[Short descriptive text snippets]
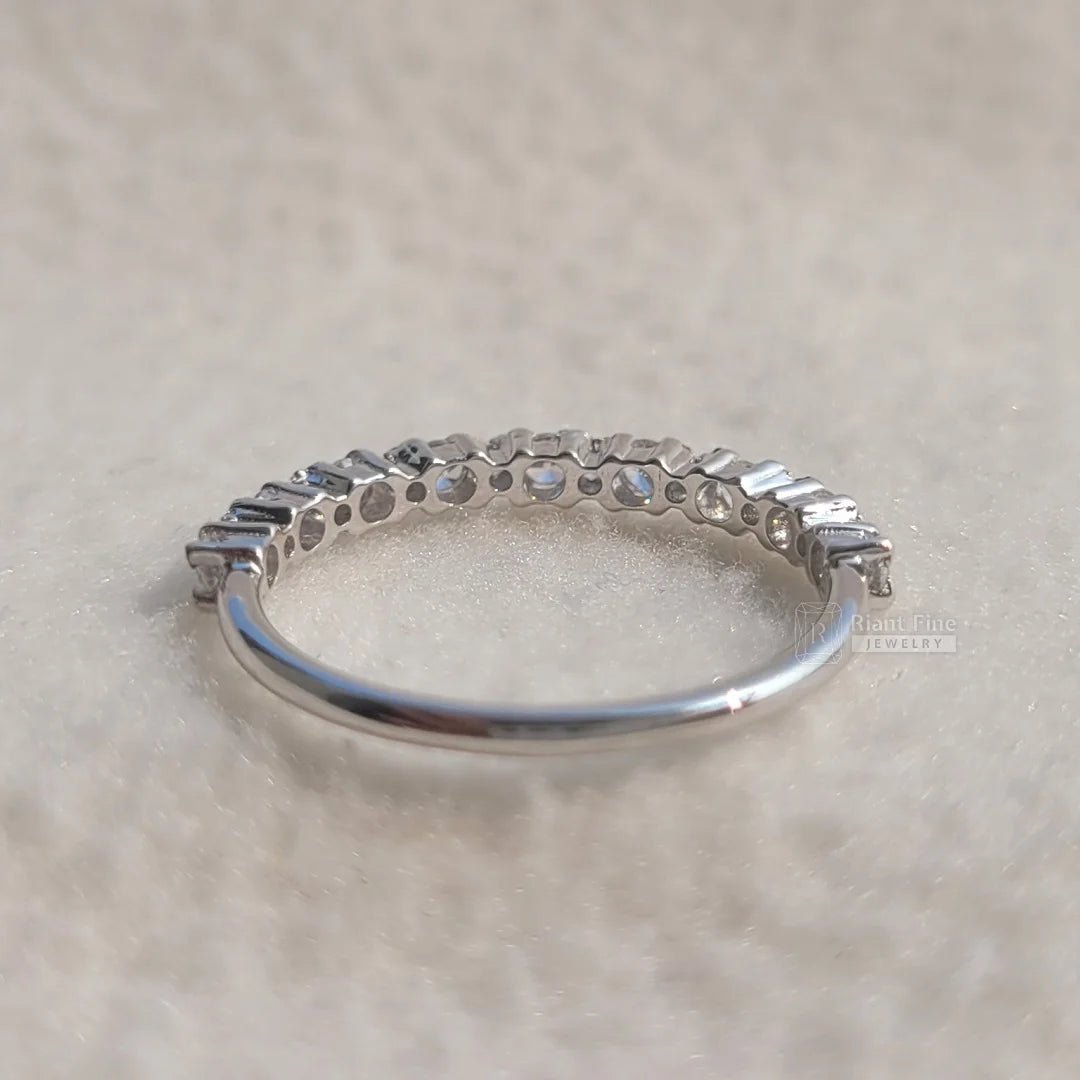 Delicate Round Diamond Half Eternity Gold Wedding Band - Riant Fine Jewelry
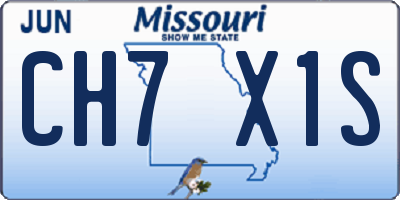 MO license plate CH7X1S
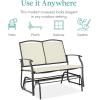 imageBest Choice Products 2Person Outdoor Patio Swing Glider Steel Bench Loveseat Rocker for Deck Porch wTextilene Fabric Steel Frame  IvoryGrayIvoryGray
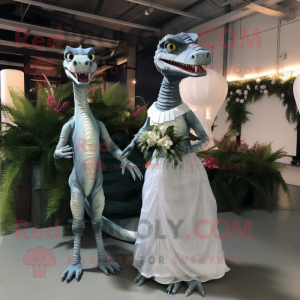 Gray Coelophysis mascot costume character dressed with a Evening Gown and Hairpins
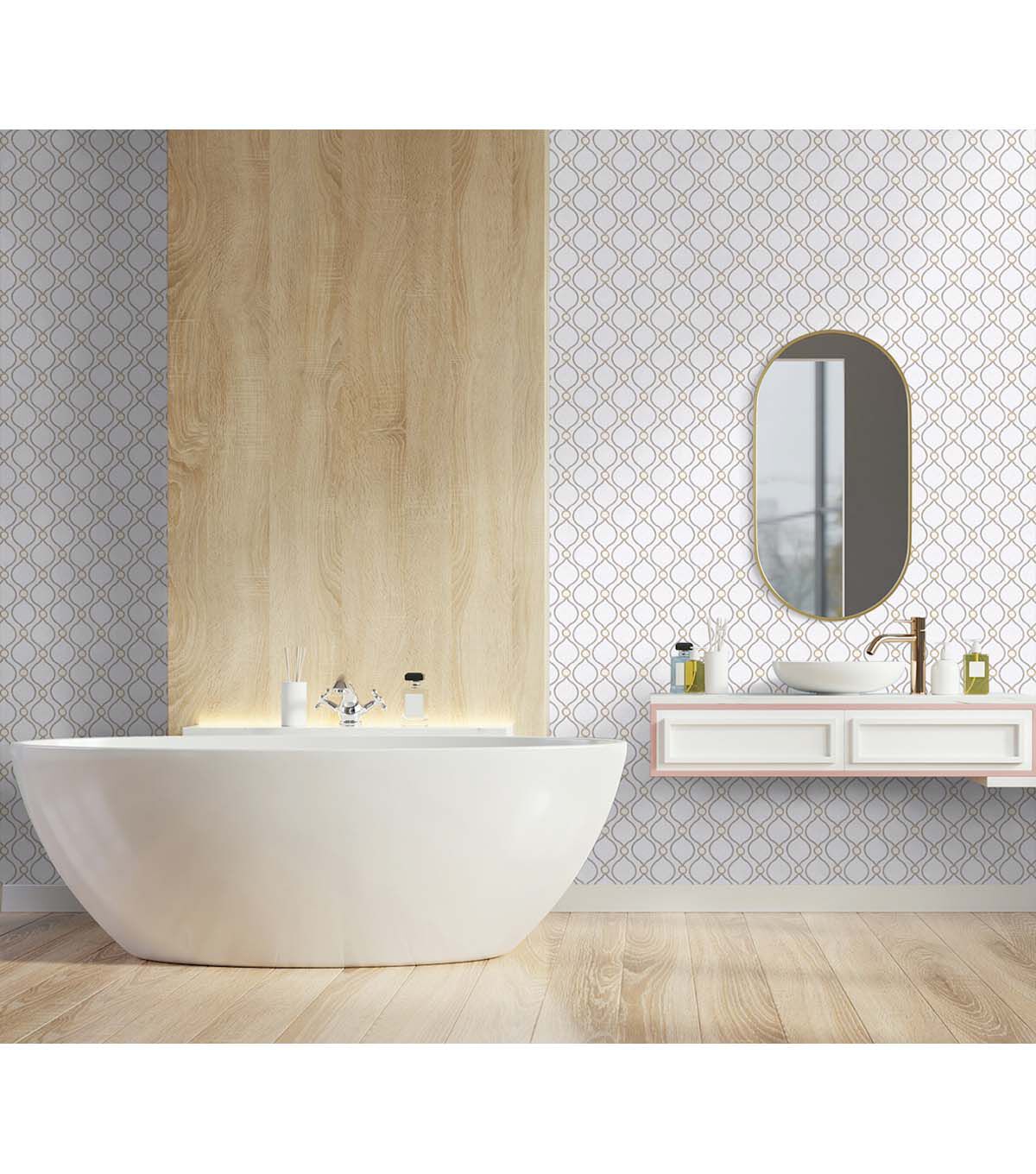 Surface Style 20.5' x 18' Platinum Curveball Peel & Stick Wallpaper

■ **Exercise requirements**
Reproduce every record verbatim, please. Omit the images.

■ **Your solution**
 Delicate Round Diamond Half Eternity Gold Wedding Band - Riant Fine Jewelry
 MO license plate CH7X1S
 imageBest Choice Products 2Person Outdoor Patio Swing Glider Steel Bench Loveseat Rocker for Deck Porch wTextilene Fabric Steel Frame  IvoryGrayIvoryGray
 Gray Coelophysis mascot costume character dressed with a Evening Gown and Hairpins
 Surface Style 20.5' x 18' Platinum Curveball Peel & Stick Wallpaper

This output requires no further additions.